*Data section*.
--------------------
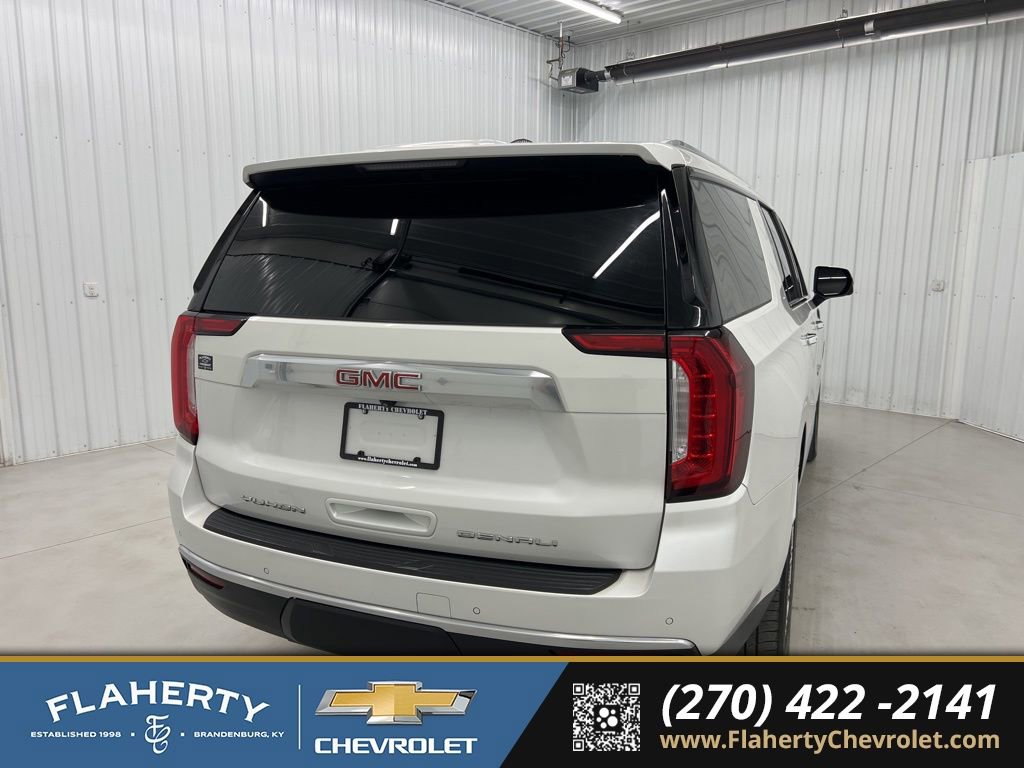 Used 2023 GMC Yukon XL Denali video 3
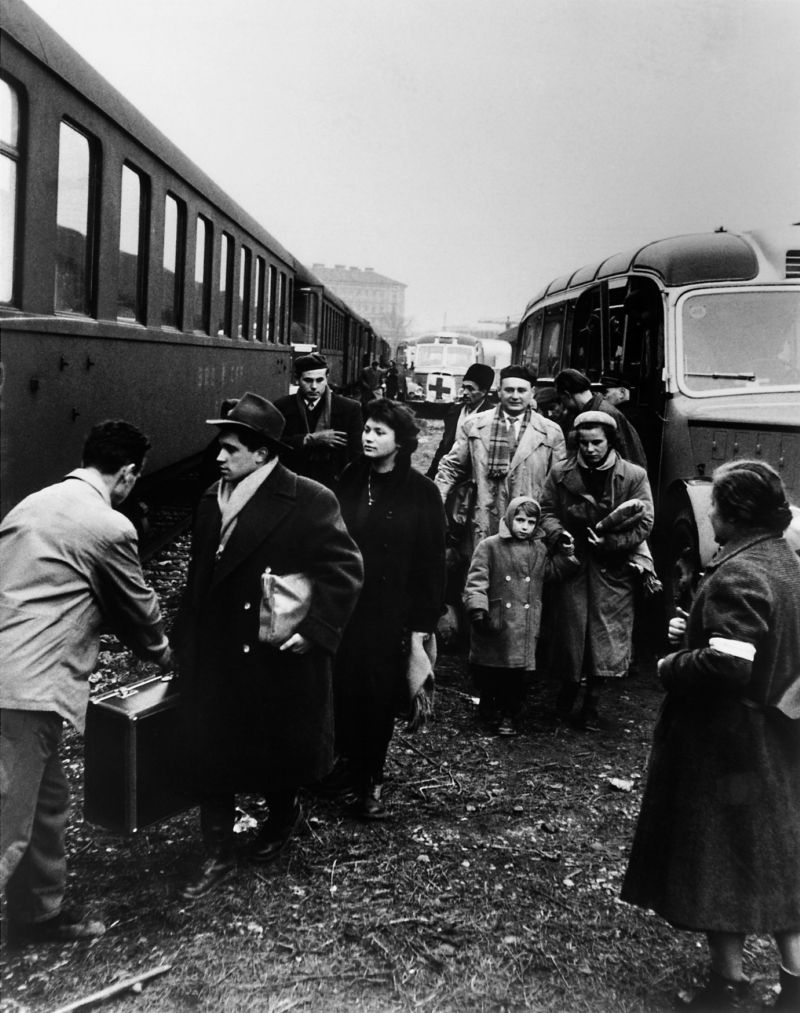 Maďarští uprchlíci z roku 1956 odjíždějí vlakem na Západ.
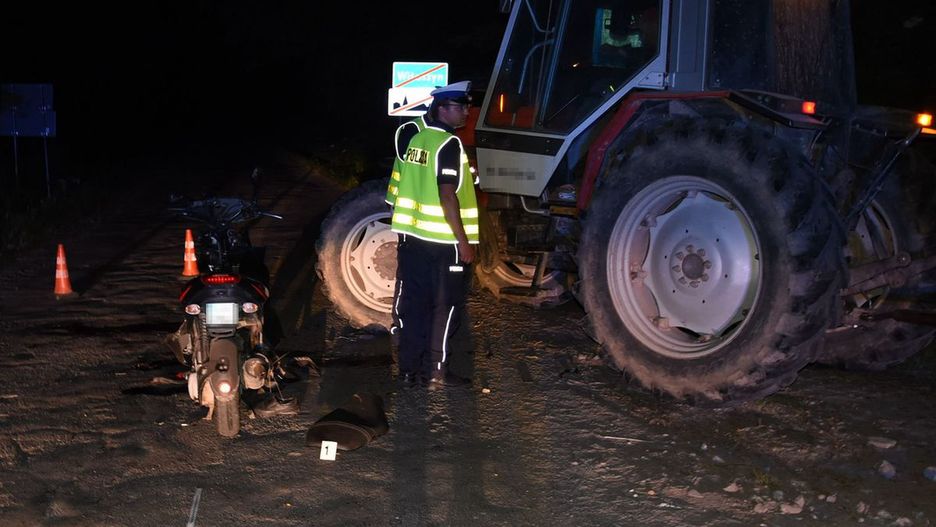 Pijany wjechał skuterem w ciągnik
--------------------
*Exercise description*. Copy out the whole listing exactly. Skip its pictures.

*Result of this task*.
 Used 2023 GMC Yukon XL Denali video 3
 Maďarští uprchlíci z roku 1956 odjíždějí vlakem na Západ.
 Pijany wjechał skuterem w ciągnik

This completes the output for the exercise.